== WORK ITEM ==
In the listing that follows, the lines starting at the one containing "Nocna wizja: Matka" and ending at the one containing "6 Murphy Ct, Blauvelt, NY" are to be returned exactly, both boundary lines included, and no others.

== SOURCE INFORMATION ==
————————

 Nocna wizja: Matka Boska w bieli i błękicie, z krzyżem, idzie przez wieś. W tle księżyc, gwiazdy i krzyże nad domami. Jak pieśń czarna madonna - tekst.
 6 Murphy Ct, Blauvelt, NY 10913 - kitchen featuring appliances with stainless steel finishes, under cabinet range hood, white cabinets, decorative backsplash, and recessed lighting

————————

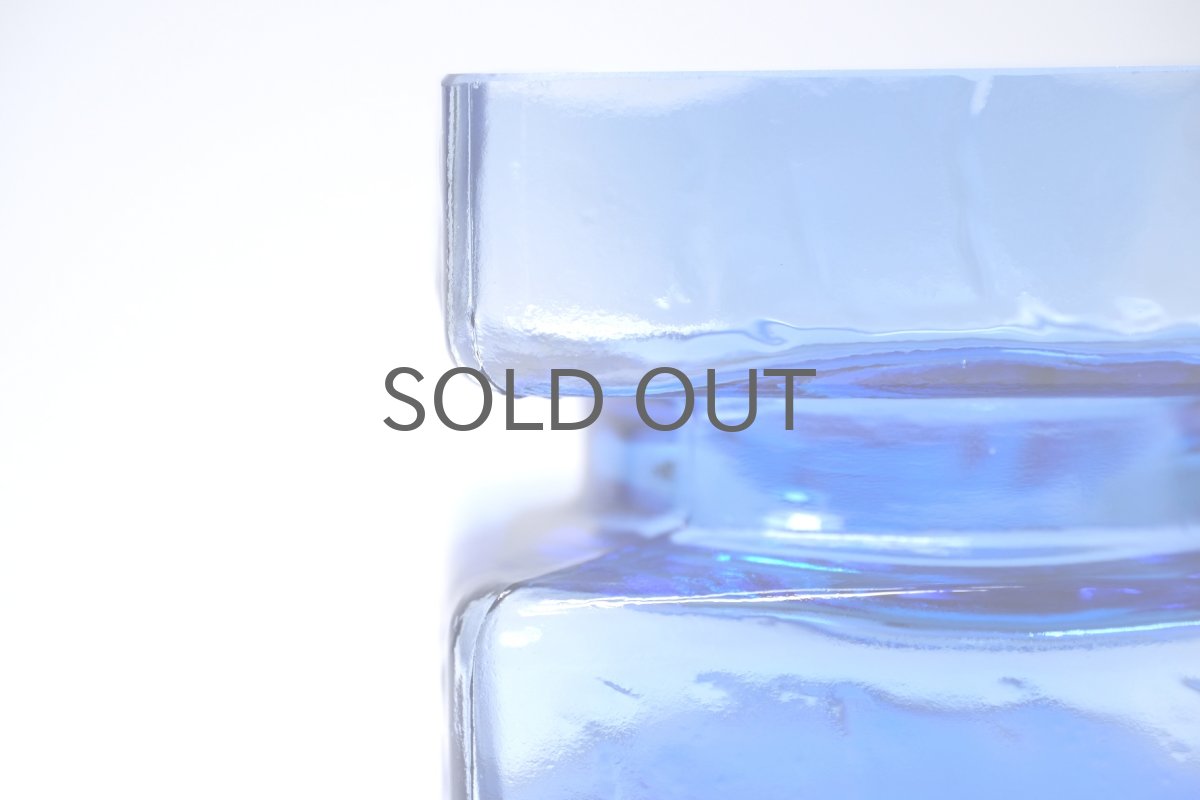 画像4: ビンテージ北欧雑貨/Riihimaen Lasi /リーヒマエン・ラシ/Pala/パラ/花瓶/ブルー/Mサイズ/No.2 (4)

————————

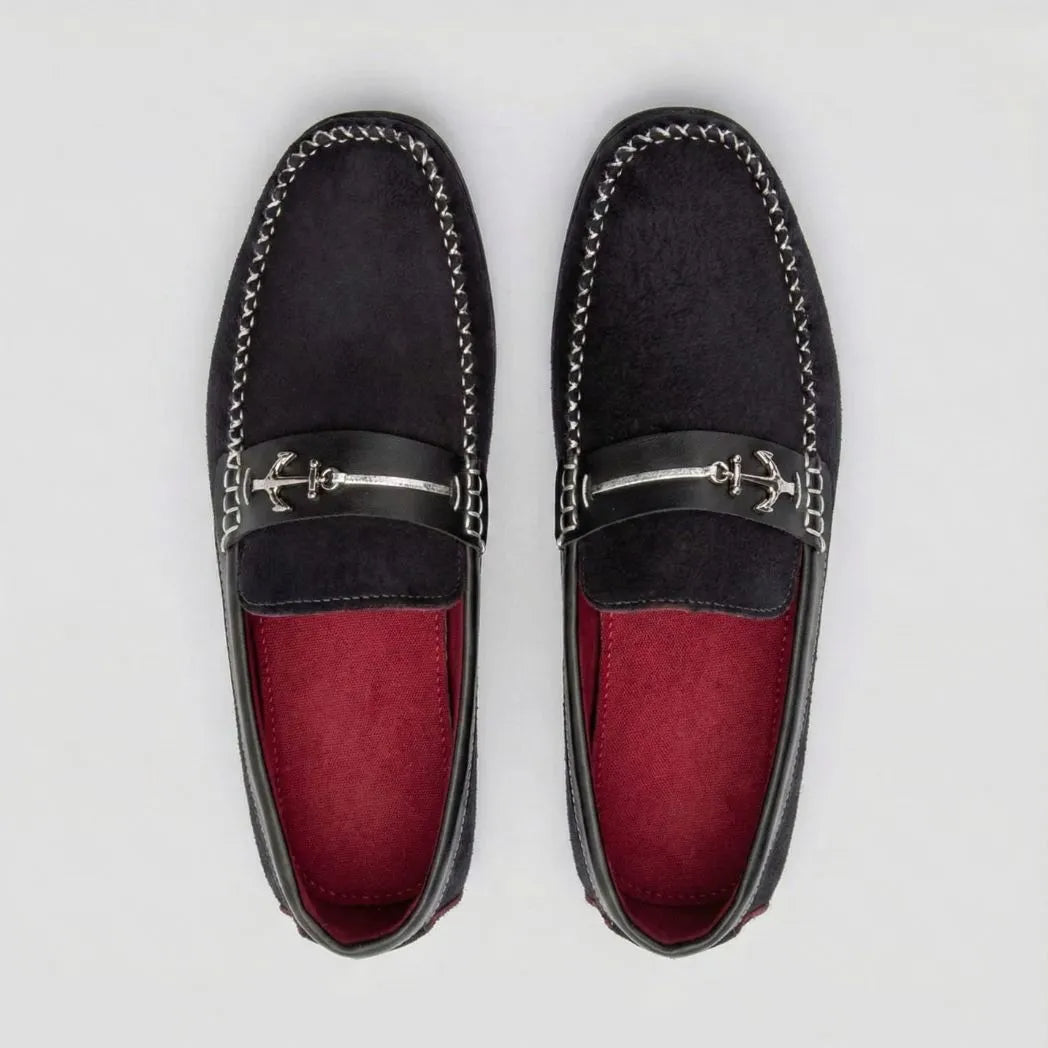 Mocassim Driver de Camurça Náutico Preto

————————

== SOLUTION ==
 Nocna wizja: Matka Boska w bieli i błękicie, z krzyżem, idzie przez wieś. W tle księżyc, gwiazdy i krzyże nad domami. Jak pieśń czarna madonna - tekst.
 6 Murphy Ct, Blauvelt, NY 10913 - kitchen featuring appliances with stainless steel finishes, under cabinet range hood, white cabinets, decorative backsplash, and recessed lighting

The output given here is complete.